院長の「JoJoブログ」

母校の後輩たちへの思い

2018-11-15 23:45:04投稿

 ひょんなことから、母校の大学で、女子医学生と女性医師の交流会に招かれ、講演する機会をいただき、今日山大医学部に出かけてきた。
おりもおり、医学部入試の女子差別の問題が話題になっている今日このごろ、女性医師に限らず、働き方改革が叫ばれる時代に、今まで私が医者として、母として、歩んできた道のりを、学生さんたちの前で話させてもらった。
実際、私が医者になったころは、女子医学生は2割もいなかったし(ちなみに同級生120人中女子21人)産婦人科女性医師は1割もいなかったので、自分自身には、ロールモデルとなる先輩はおらず、出産後の仕事復帰のときには、ただただ毎日を駆け抜けていた気がする。

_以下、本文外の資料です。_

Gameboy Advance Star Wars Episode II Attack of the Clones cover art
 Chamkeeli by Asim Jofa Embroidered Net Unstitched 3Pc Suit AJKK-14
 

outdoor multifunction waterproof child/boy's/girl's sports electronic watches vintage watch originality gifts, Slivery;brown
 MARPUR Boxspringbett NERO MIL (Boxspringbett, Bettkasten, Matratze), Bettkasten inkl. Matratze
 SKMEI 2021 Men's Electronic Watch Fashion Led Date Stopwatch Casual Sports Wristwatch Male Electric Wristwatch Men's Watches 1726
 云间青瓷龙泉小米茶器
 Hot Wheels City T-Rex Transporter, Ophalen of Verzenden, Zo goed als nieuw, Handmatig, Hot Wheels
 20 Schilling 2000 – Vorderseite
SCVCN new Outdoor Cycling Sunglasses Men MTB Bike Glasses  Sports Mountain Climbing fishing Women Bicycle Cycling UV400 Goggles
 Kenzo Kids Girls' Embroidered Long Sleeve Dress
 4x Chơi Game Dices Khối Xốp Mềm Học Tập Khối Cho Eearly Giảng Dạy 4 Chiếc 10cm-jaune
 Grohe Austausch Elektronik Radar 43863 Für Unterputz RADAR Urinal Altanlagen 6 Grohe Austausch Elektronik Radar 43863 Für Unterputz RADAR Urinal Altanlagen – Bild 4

というより、睡眠以外の時間は、目の前の医者の仕事という労働と家事育児という家庭内労働だけですぎていったたために、実際に何をしていたのか記憶に残っていないのだ。もっと昔の楽しかった学生時代のことはよく覚えているのに、である。
最近読んだ、話題のベストセラー、「老人の取扱説明書」(平松類 著 SB新書)という本に、高齢になると、昔のことは覚えているのに、最近のことは覚えていないということがよくあるけれど、人間が覚えていることは、結局、楽しかったこと、うれしかったことが多く、ネガティブな昔のことは忘れやすいと書いてあった。
幼い息子二人を育てながら、当直、時間外免除などなくフルタイムでお産ばかりみていたその当時について、とにかく、あのころは、大変だったなとは思うけれど、具体的なことを覚えていないのは、まさにこのことなんだと思い知らされた。仕事を辞めることを考えたことがないというとウソになるけれど、ただひたすら仕事をこなしていたら、そのうち子供も育ち、なるようになったとしかいいようがないのだ。
ワークライフバランスという言葉も最近だし、過労死を防ぐための法案までつくられる今の時代だけれど、色んな仕事をしているすべての国民が同じような考えを持たない限り、ガラスの天井が突き破られることはないと思っている。個人的には、全国民の仕事時間を6時間と決めれば、平和になるのになと思っている。6時間を超えて働いてもいけないし、仕事を6時間もしないのもいけない。働かざる者食うべからずなので、必ず報酬のある労働につく必要があり、専業主婦はなし。逆に、家事などの無報酬の労働をすべて人に任せるのもアウト。当然、自分の子供は自分で育てる。父、母問わず。
そんな夢のような社会が実現することはないと思うけれど、ともあれ、後輩医学部女子学生には、ワークライフバランスのとれた実りある人生を過ごしてほしい。